What is needed is an exact copy of the lines from the start of the records below through the line with "It only goes", without the pictures.

Stored data entries:
════════════════════
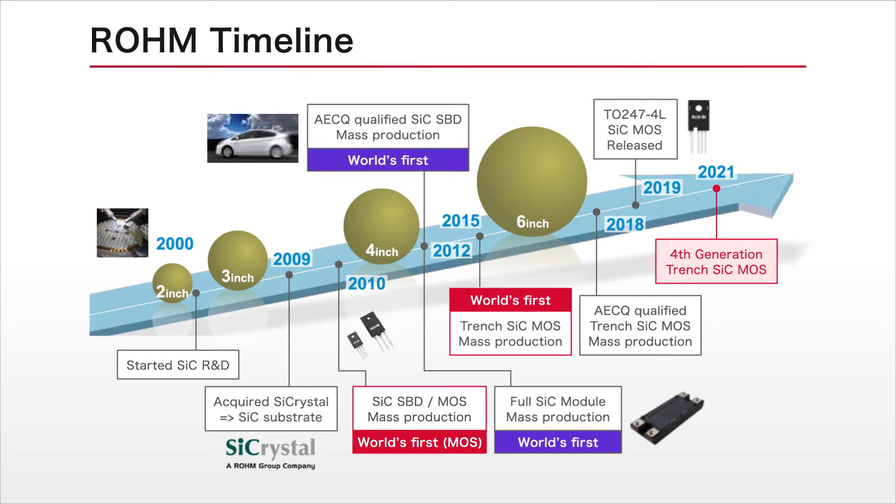Recently, we have started mass production of fourth-generation silicon carbide MOSFETs featuring even lower on-resistance and faster switching speeds.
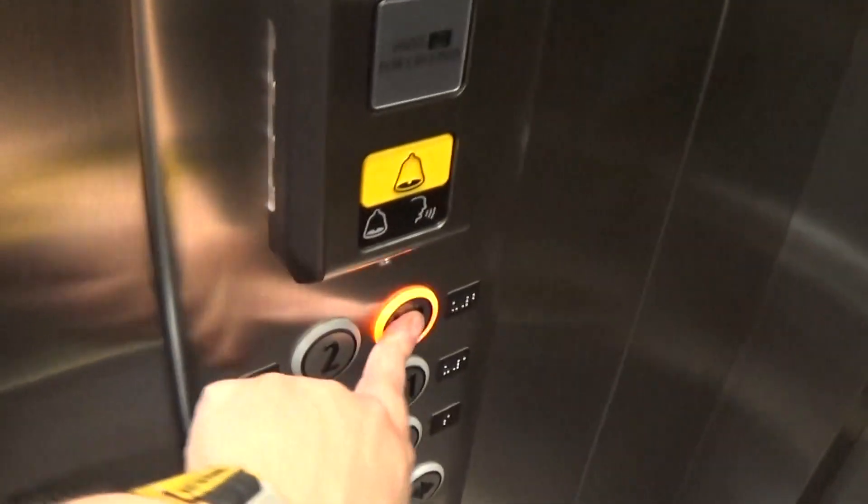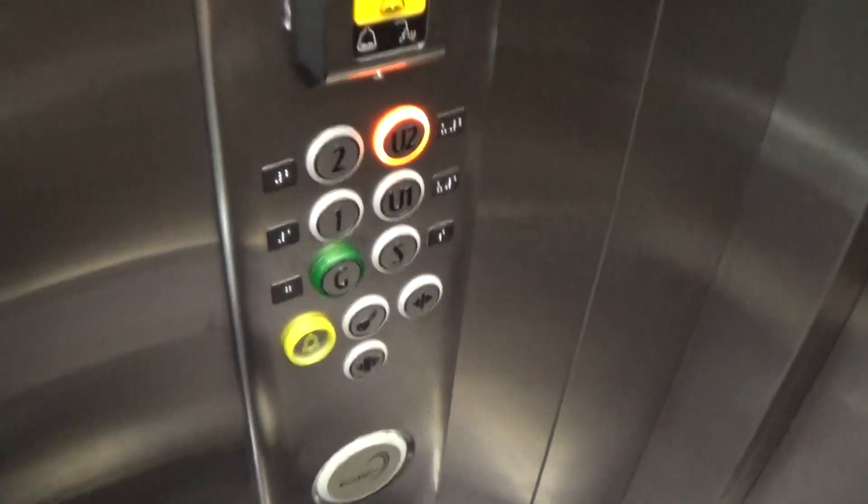It only goes up to U2, but we can try to go up. It has a 16 person capacity, just like the other one.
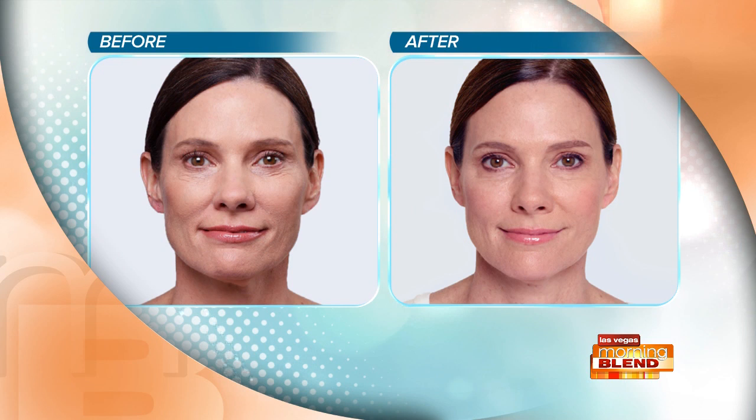We have a couple of before and after photos to look at. This is an example of cheek augmentation with Restylane Lift — the patient has had one syringe on each side and the result is so natural. That's the look we're going for. It fills the lines, and from another angle you're seeing more contour around the cheek.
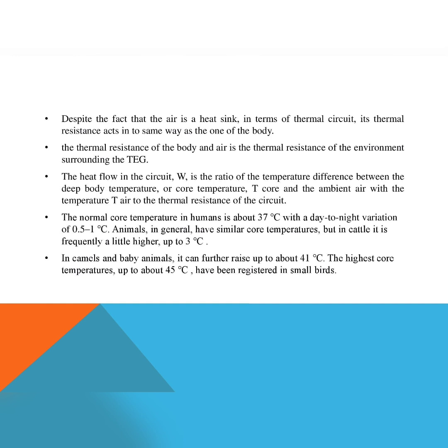The heat flow W in the circuit is the ratio of the temperature difference between the deep body core temperature T_core and the ambient air temperature T_air, to the total thermal resistance of the circuit. The normal core temperature in humans is about 37 degrees C, with a day-to-night variation of 0.5 to 1 degree C.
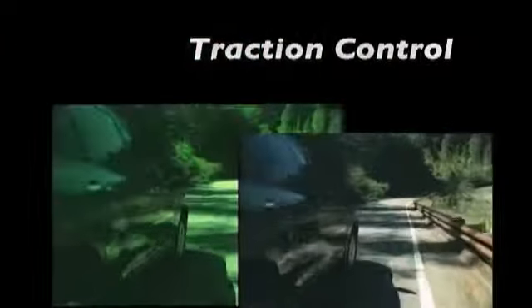Experience the difference at Rochester Toyota Scion, part of the Rochester Motor Cars family, where you get our best price bottom line. Here's the vehicle for you.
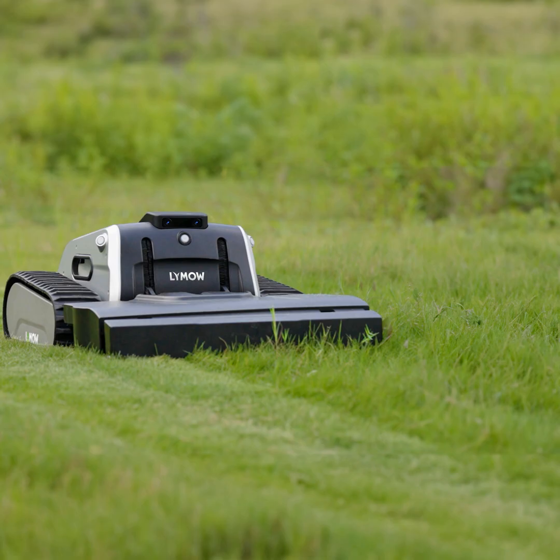Plus, it does not just cut. It also mulches the clippings and will spread them evenly across your lawn. The mower recharges at its base station. LIMO will be arriving soon. Find more on Kickstarter or at LYMOW.com.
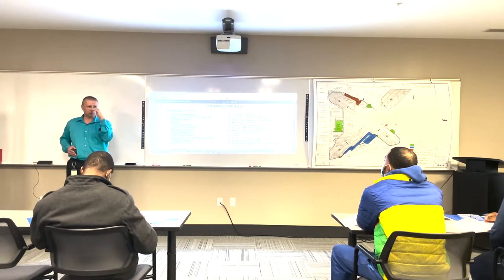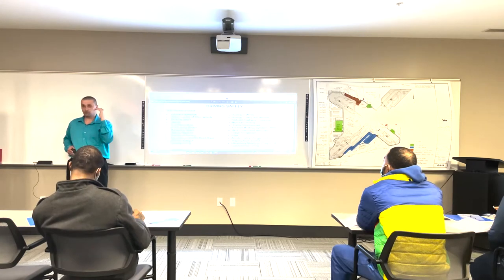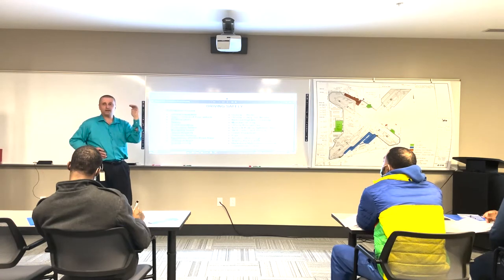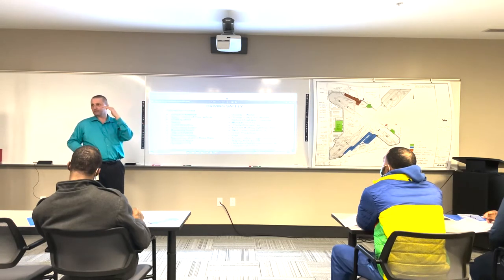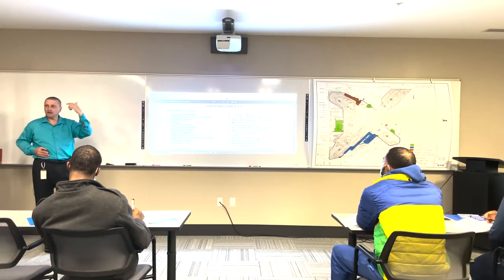If you didn't understand what a bold section meant, read that section again. This way it'll keep locking information in - that's how we retain it. Even after you're done tomorrow, keep doing that every single day until you get to the permit test. That's how we keep locking the information in and keep that mind fresh.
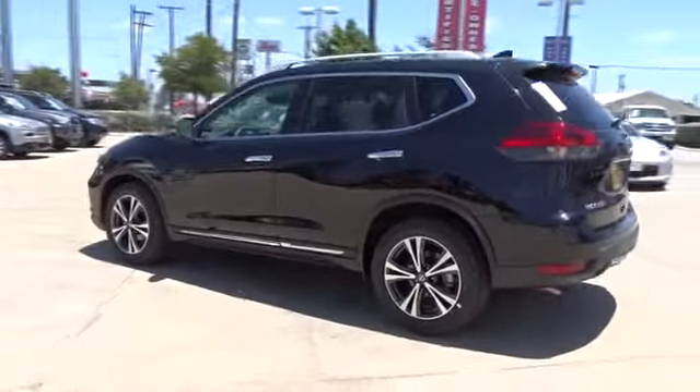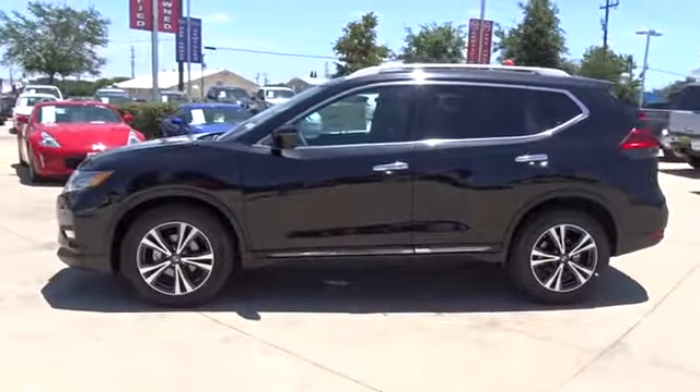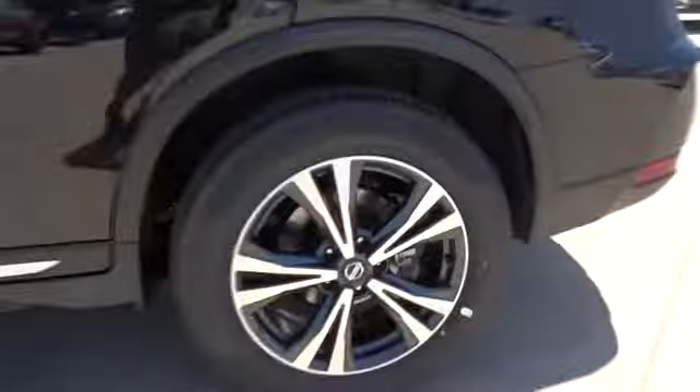Here are some of this vehicle's great options: steering wheel audio controls, stability control, navigation system, keyless entry, remote engine start, power liftgate, traction control, anti-lock braking system, backup camera, Bluetooth.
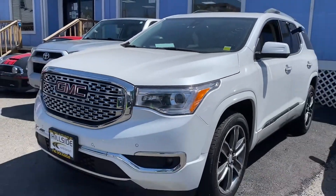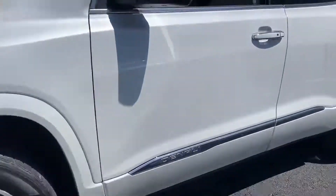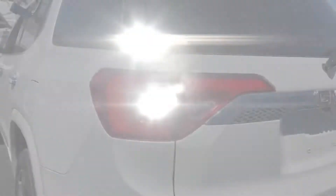2017 GMC Acadia. This SUV offers space as well as power and performance. Find what you are looking for and more with these extra features.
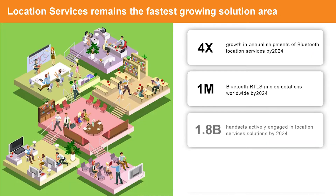The next picture shows location services, which remains the fastest-growing solution area. In 2024, the market has four-time growth in annual shipments of Bluetooth location services, with 1 million Bluetooth RTLS real-time location system implementations worldwide and 1.8 billion handsets actively engaged in location services solutions.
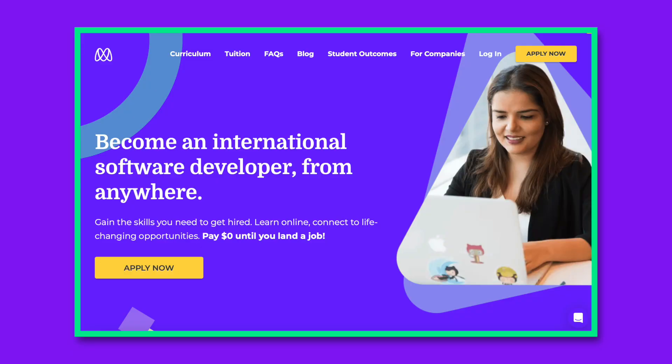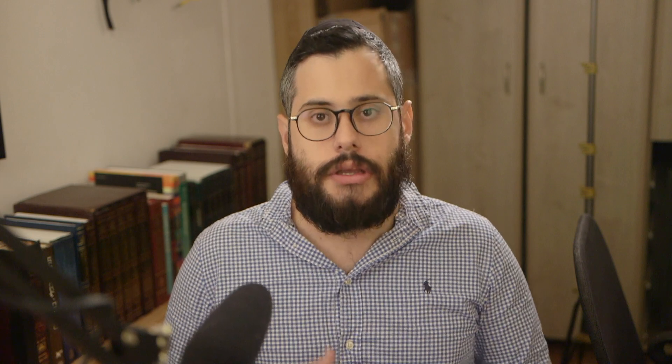I found an online boot camp called Microverse, and they have an entry requirement where everyone who wants to apply has to do some pre-course work. This pre-course work is done through the Odin Project — essentially a website that teaches you the basics of HTML, CSS, and JavaScript. So I started with that.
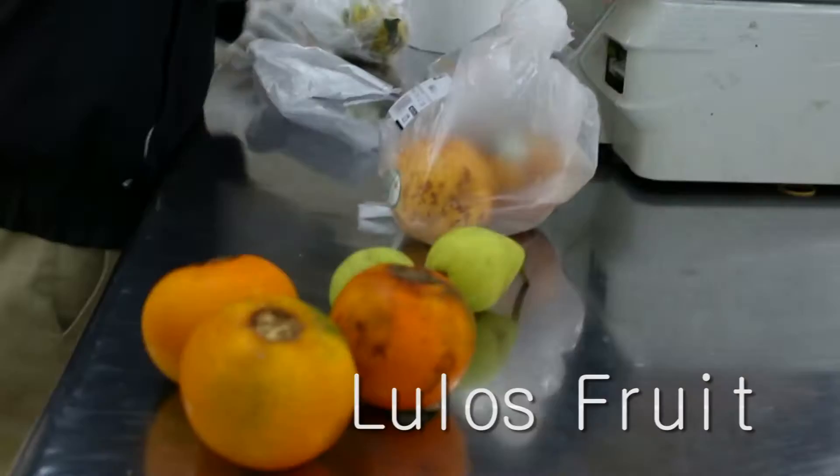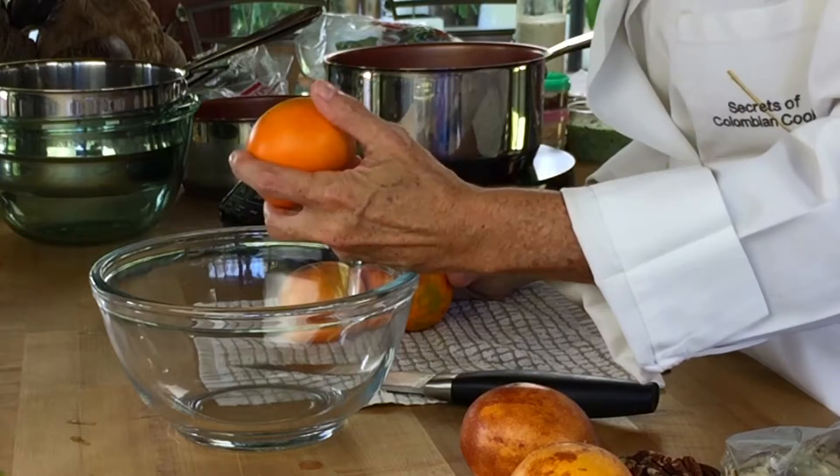Hi, I am Pachi, the Colombian food. Lulos are a fruit that is also called naranjilla, maybe because it's orange.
════════════════════
> **Answer box**
Recently, we have started mass production of fourth-generation silicon carbide MOSFETs featuring even lower on-resistance and faster switching speeds.
It only goes up to U2, but we can try to go up. It has a 16 person capacity, just like the other one.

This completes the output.